Encadré — À retenir (vraiment)

L’E-Skimo ne supprime pas le risque. Il peut surtout déplacer le risque plus loin.
La question n’est pas “est-ce que ça monte ?” mais “est-ce que tu sais où tu vas, et ce que tu fais si ça tourne mal ?”.


Impact environnemental : le sujet qu’on évite, mais qui va décider l’acceptabilité

Mettre des batteries lithium-ion dans un sport de montagne, c’est forcément un débat.

Ce qu’on peut dire sans hypocrisie

  • La production des batteries a un coût carbone et matière non négligeable (extraction, fabrication).
  • Le fabricant dit travailler sur des options plus durables (recyclabilité, empreinte réduite), mais on manque encore de détails publics très concrets : filière de reprise, taux de recyclage effectif, pièces réparables, durée de vie réelle en conditions froides, etc.

Mon critère perso (simple et actionnable)

Si ce type de produit doit exister, je veux voir :

  • une réparabilité réelle (moteur/batterie/transmission),
  • une reprise obligatoire des batteries,
  • une transparence sur la durée de vie (cycles, froid, pertes),
  • un engagement sur la fin de vie (pas juste “on y pense”).

Sans ça, on risque de créer un objet “premium” qui accélère la pratique… tout en laissant une trace invisible mais durable.


E-Skimo vs ski de rando classique : comparaison terrain (sans fantasme)

CritèreSki de rando classiqueE-Skimo (assisté)
Effort à la montée100% humainannonce ~-30% d’effort
Vitesseliée au niveauannonce jusqu’à +80%
Poidsléger (set-up moderne)très lourd (~6,6 kg par ski dans les premiers tests)
Techniqueconversions facilesconversions plus exigeantes (inertie)
Autonomieillimitée (si tu manges/bois)limitée par batterie + froid
Cultureeffort, progression, lecture montagnerisque de “consommation” de dénivelé

Conseil d’expert : si tu croises l’E-Skimo (ou si ça te tente), fais ça

Je ne vais pas te faire la morale. Je vais te donner une check-list de montagnard.

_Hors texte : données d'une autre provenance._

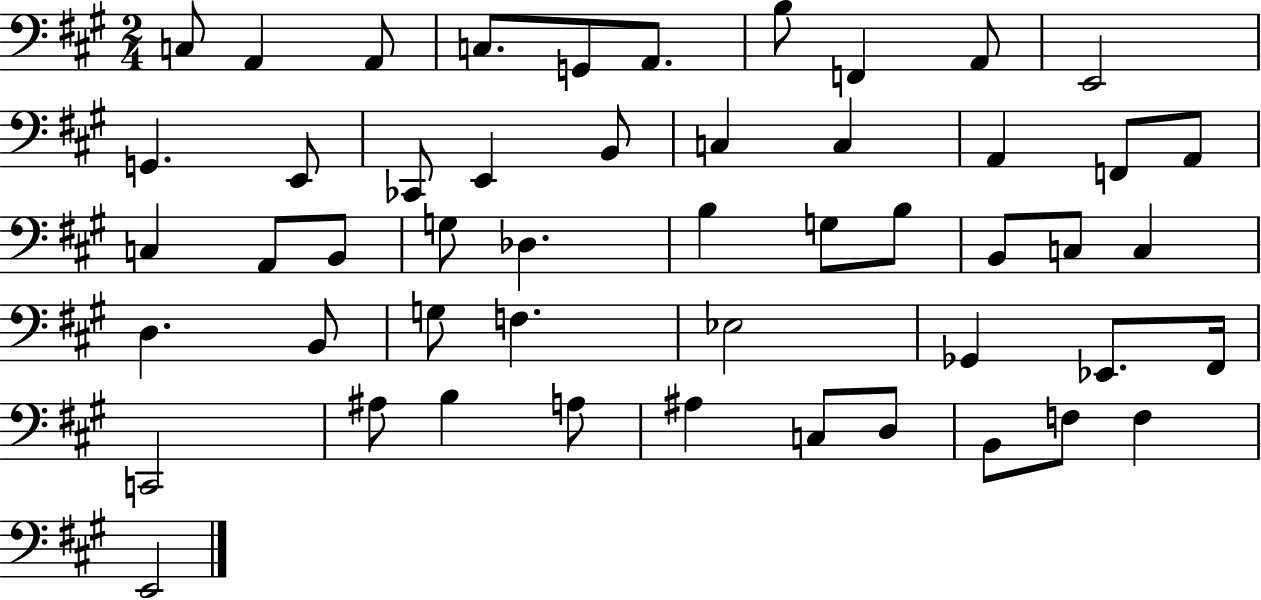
X:1
T:Untitled
M:2/4
L:1/4
K:A
C,/2 A,, A,,/2 C,/2 G,,/2 A,,/2 B,/2 F,, A,,/2 E,,2 G,, E,,/2 _C,,/2 E,, B,,/2 C, C, A,, F,,/2 A,,/2 C, A,,/2 B,,/2 G,/2 _D, B, G,/2 B,/2 B,,/2 C,/2 C, D, B,,/2 G,/2 F, _E,2 _G,, _E,,/2 ^F,,/4 C,,2 ^A,/2 B, A,/2 ^A, C,/2 D,/2 B,,/2 F,/2 F, E,,2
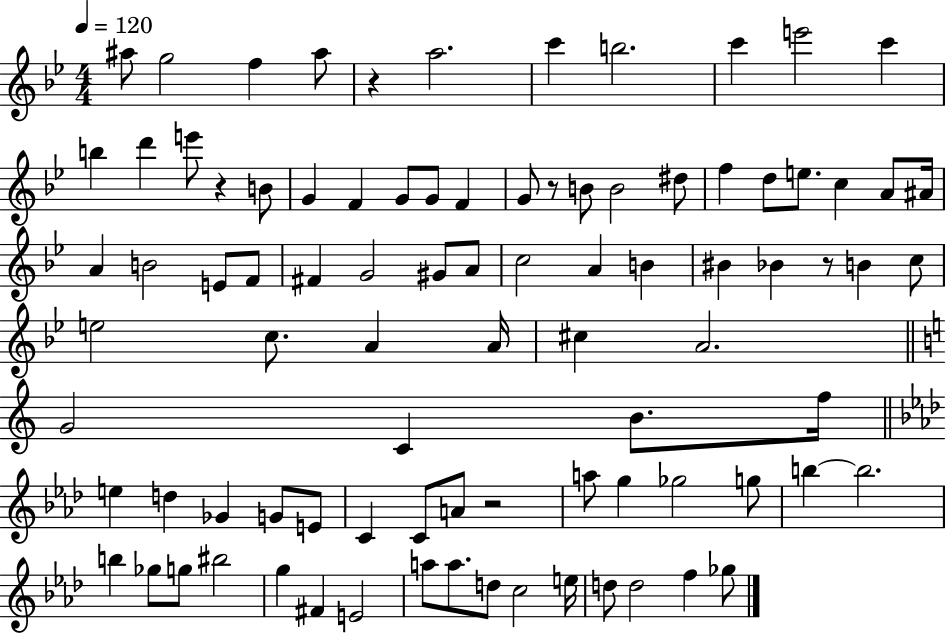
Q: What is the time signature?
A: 4/4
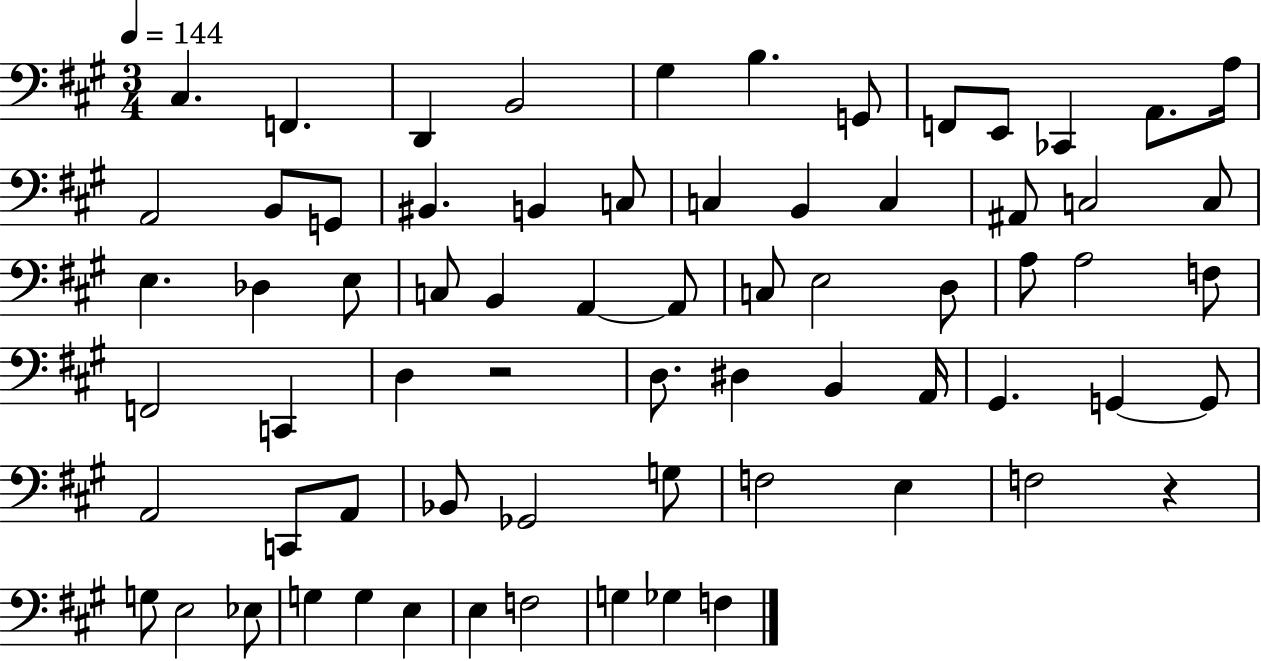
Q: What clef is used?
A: bass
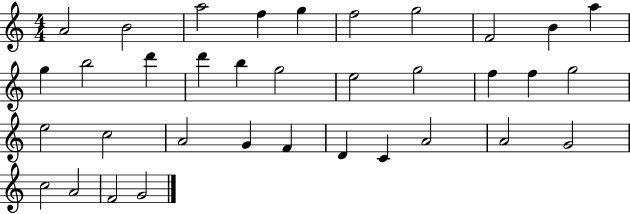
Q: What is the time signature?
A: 4/4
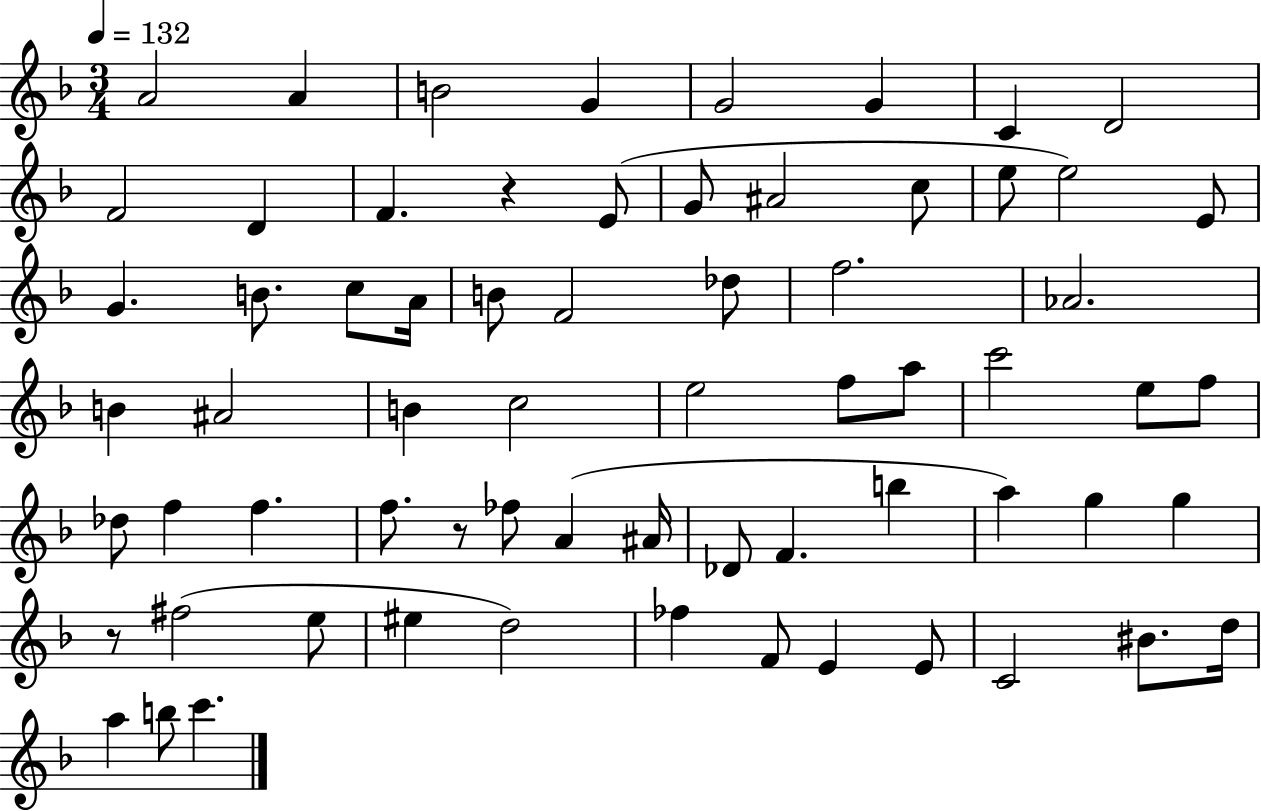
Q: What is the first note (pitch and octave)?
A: A4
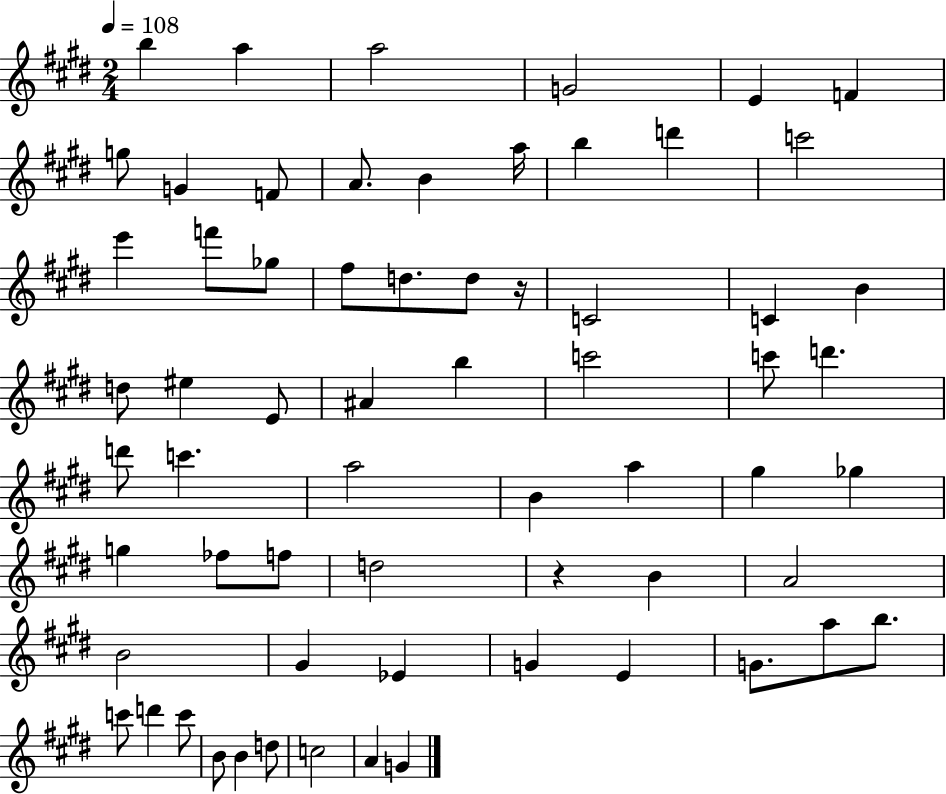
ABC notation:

X:1
T:Untitled
M:2/4
L:1/4
K:E
b a a2 G2 E F g/2 G F/2 A/2 B a/4 b d' c'2 e' f'/2 _g/2 ^f/2 d/2 d/2 z/4 C2 C B d/2 ^e E/2 ^A b c'2 c'/2 d' d'/2 c' a2 B a ^g _g g _f/2 f/2 d2 z B A2 B2 ^G _E G E G/2 a/2 b/2 c'/2 d' c'/2 B/2 B d/2 c2 A G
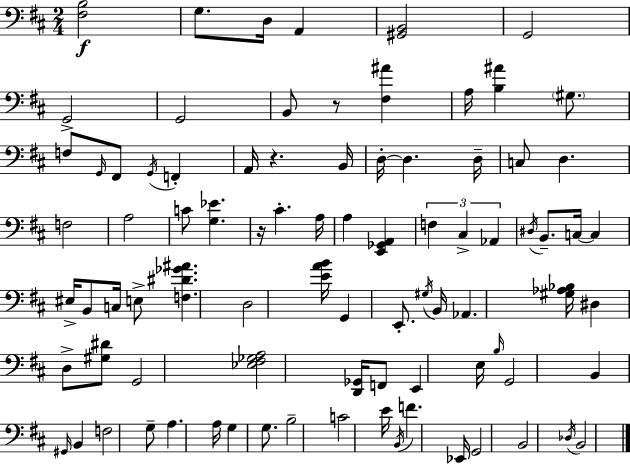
{
  \clef bass
  \numericTimeSignature
  \time 2/4
  \key d \major
  <fis b>2\f | g8. d16 a,4 | <gis, b,>2 | g,2 | \break g,2-> | g,2 | b,8 r8 <fis ais'>4 | a16 <b ais'>4 \parenthesize gis8. | \break f8 \grace { g,16 } fis,8 \acciaccatura { g,16 } f,4-. | a,16 r4. | b,16 d16-.~~ d4. | d16-- c8 d4. | \break f2 | a2 | c'8 <g ees'>4. | r16 cis'4.-. | \break a16 a4 <e, ges, a,>4 | \tuplet 3/2 { f4 cis4-> | aes,4 } \acciaccatura { dis16 } b,8.-- | c16~~ c4 eis16-> | \break b,8 c16 e8-> <f dis' ges' ais'>4. | d2 | <e' a' b'>16 g,4 | e,8.-. \acciaccatura { gis16 } b,16 aes,4. | \break <gis aes bes>16 dis4 | d8-> <gis dis'>8 g,2 | <ees fis ges a>2 | <d, ges,>16 f,8 e,4 | \break e16 \grace { b16 } g,2 | b,4 | \grace { gis,16 } b,4 f2 | g8-- | \break a4. a16 g4 | g8. b2-- | c'2 | e'16 \acciaccatura { b,16 } | \break f'4. ees,16 g,2 | b,2 | \acciaccatura { des16 } | b,2 | \break \bar "|."
}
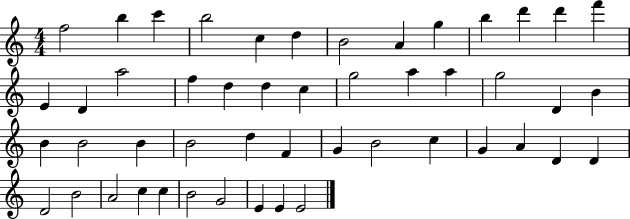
F5/h B5/q C6/q B5/h C5/q D5/q B4/h A4/q G5/q B5/q D6/q D6/q F6/q E4/q D4/q A5/h F5/q D5/q D5/q C5/q G5/h A5/q A5/q G5/h D4/q B4/q B4/q B4/h B4/q B4/h D5/q F4/q G4/q B4/h C5/q G4/q A4/q D4/q D4/q D4/h B4/h A4/h C5/q C5/q B4/h G4/h E4/q E4/q E4/h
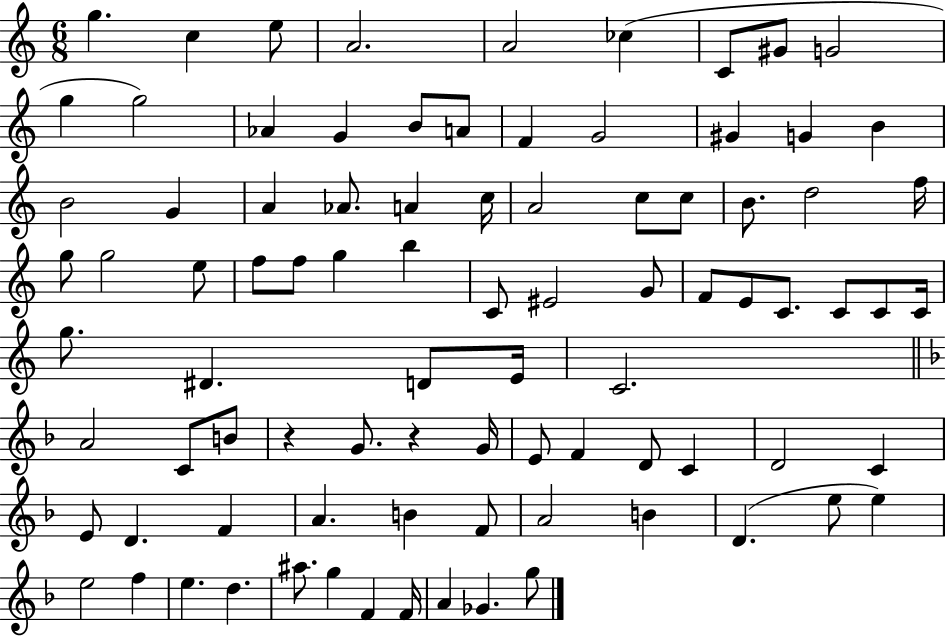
{
  \clef treble
  \numericTimeSignature
  \time 6/8
  \key c \major
  \repeat volta 2 { g''4. c''4 e''8 | a'2. | a'2 ces''4( | c'8 gis'8 g'2 | \break g''4 g''2) | aes'4 g'4 b'8 a'8 | f'4 g'2 | gis'4 g'4 b'4 | \break b'2 g'4 | a'4 aes'8. a'4 c''16 | a'2 c''8 c''8 | b'8. d''2 f''16 | \break g''8 g''2 e''8 | f''8 f''8 g''4 b''4 | c'8 eis'2 g'8 | f'8 e'8 c'8. c'8 c'8 c'16 | \break g''8. dis'4. d'8 e'16 | c'2. | \bar "||" \break \key f \major a'2 c'8 b'8 | r4 g'8. r4 g'16 | e'8 f'4 d'8 c'4 | d'2 c'4 | \break e'8 d'4. f'4 | a'4. b'4 f'8 | a'2 b'4 | d'4.( e''8 e''4) | \break e''2 f''4 | e''4. d''4. | ais''8. g''4 f'4 f'16 | a'4 ges'4. g''8 | \break } \bar "|."
}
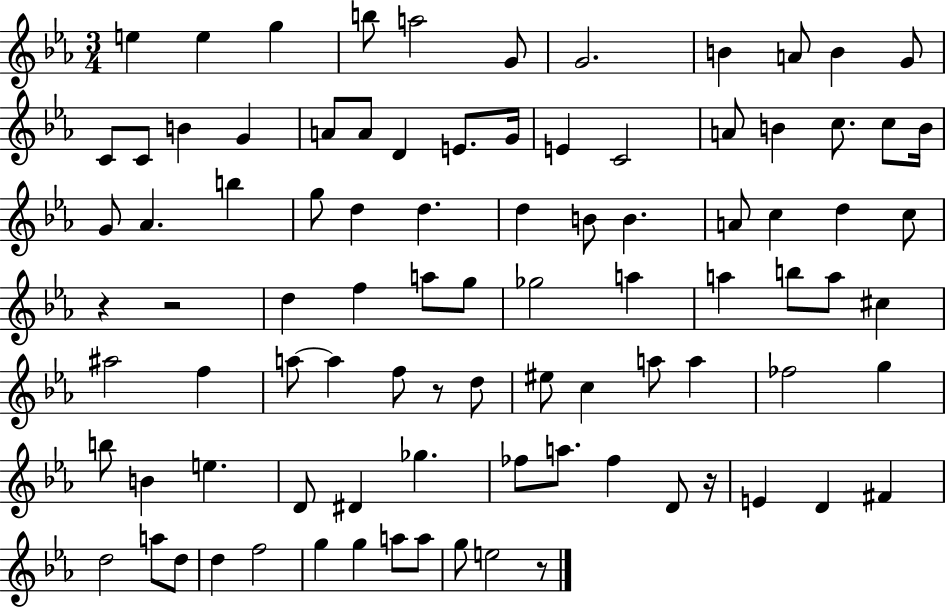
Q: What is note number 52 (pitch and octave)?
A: F5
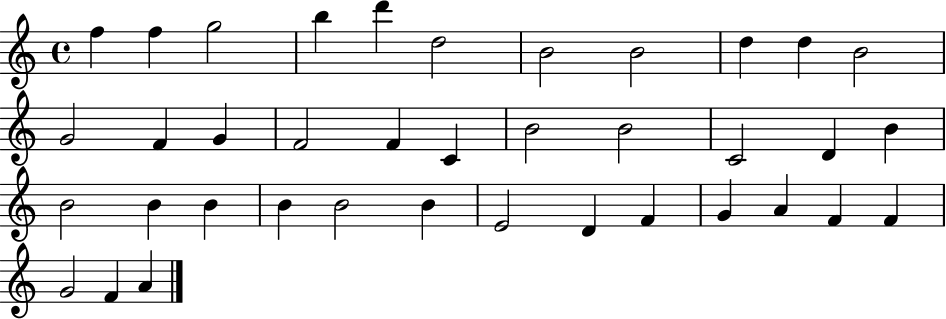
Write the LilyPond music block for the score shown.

{
  \clef treble
  \time 4/4
  \defaultTimeSignature
  \key c \major
  f''4 f''4 g''2 | b''4 d'''4 d''2 | b'2 b'2 | d''4 d''4 b'2 | \break g'2 f'4 g'4 | f'2 f'4 c'4 | b'2 b'2 | c'2 d'4 b'4 | \break b'2 b'4 b'4 | b'4 b'2 b'4 | e'2 d'4 f'4 | g'4 a'4 f'4 f'4 | \break g'2 f'4 a'4 | \bar "|."
}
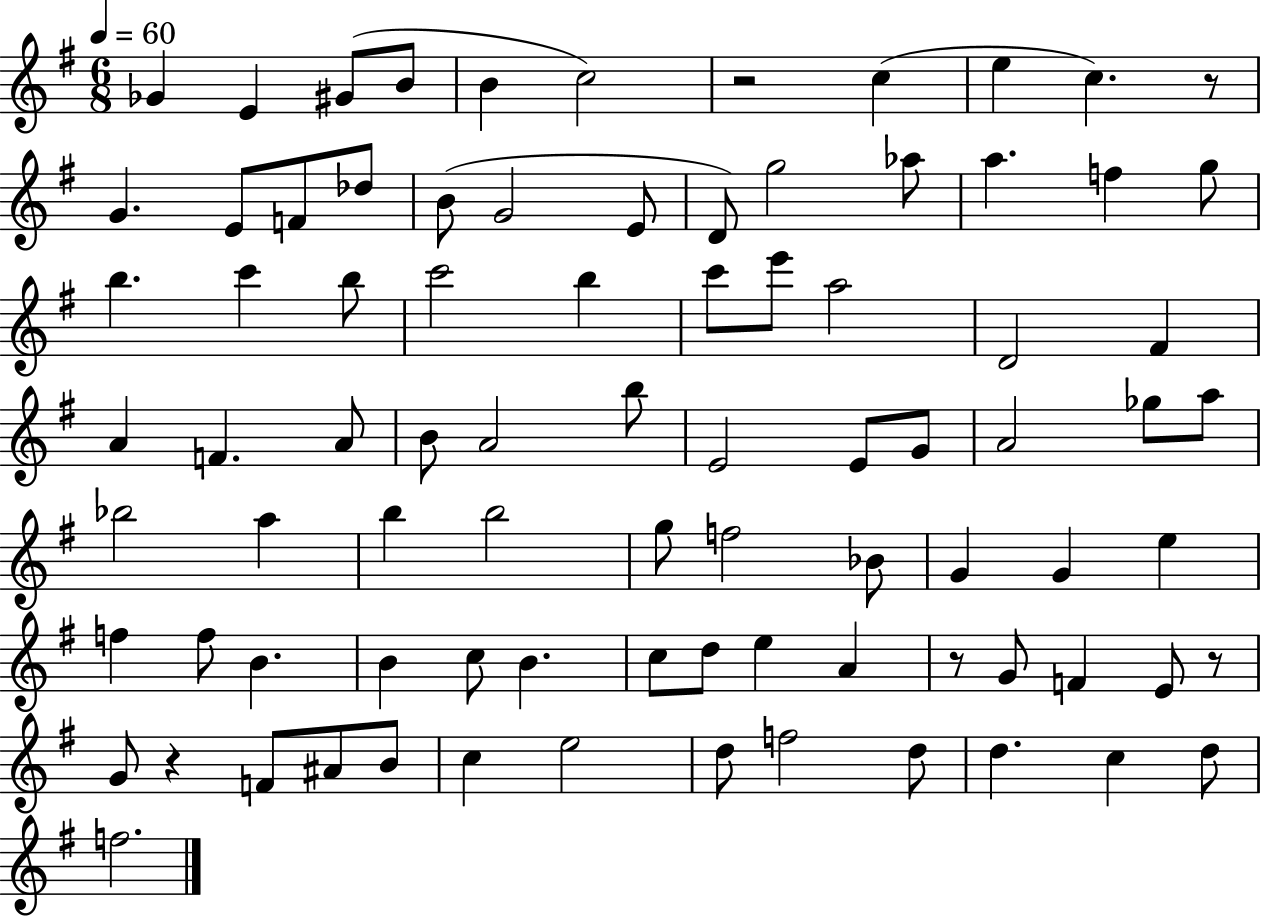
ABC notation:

X:1
T:Untitled
M:6/8
L:1/4
K:G
_G E ^G/2 B/2 B c2 z2 c e c z/2 G E/2 F/2 _d/2 B/2 G2 E/2 D/2 g2 _a/2 a f g/2 b c' b/2 c'2 b c'/2 e'/2 a2 D2 ^F A F A/2 B/2 A2 b/2 E2 E/2 G/2 A2 _g/2 a/2 _b2 a b b2 g/2 f2 _B/2 G G e f f/2 B B c/2 B c/2 d/2 e A z/2 G/2 F E/2 z/2 G/2 z F/2 ^A/2 B/2 c e2 d/2 f2 d/2 d c d/2 f2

1) Ne “surclasse” pas ton itinéraire parce que la montée devient facile

Choisis une sortie selon :

  • le BRA (bulletin avalanche),
  • la météo (vent, visibilité, regel),
  • et ton niveau de décision, pas ton niveau cardio.

2) La sécurité avalanche ne devient pas optionnelle

DVA + pelle + sonde, et entraînement.
ℹ️ Le meilleur matériel du monde ne vaut rien si tu n’as pas d’automatismes sous stress.

3) En station, respecte les règles comme si ta vie en dépendait (parce que c’est le cas)

  • Interdictions / horaires / itinéraires dédiés
  • Vigilance damage à treuil
  • Pas de rando sur domaine fermé “vite fait”

4) Fixe une limite “batterie” comme une limite “météo”

Quand il te reste X% (à définir), tu fais demi-tour. Point.
L’erreur classique, c’est de considérer la batterie comme un “bonus” — jusqu’au moment où tu te retrouves à tracter 13 kg de skis en mode survie.


Alors, cadeau empoisonné ?

Je vois l’E-Skimo comme une innovation fascinante… mais dangereuse culturellement si elle est vendue comme un raccourci vers la montagne. Si l’assistance devient un outil encadré, avec une vraie éthique (réparabilité, recyclage) et une vraie éducation (formation, règles), ça peut avoir du sens pour certains publics. Si c’est juste un “dénivelé plus vite, plus haut, plus fort”, on ne démocratise pas la montagne : on démocratise l’accident.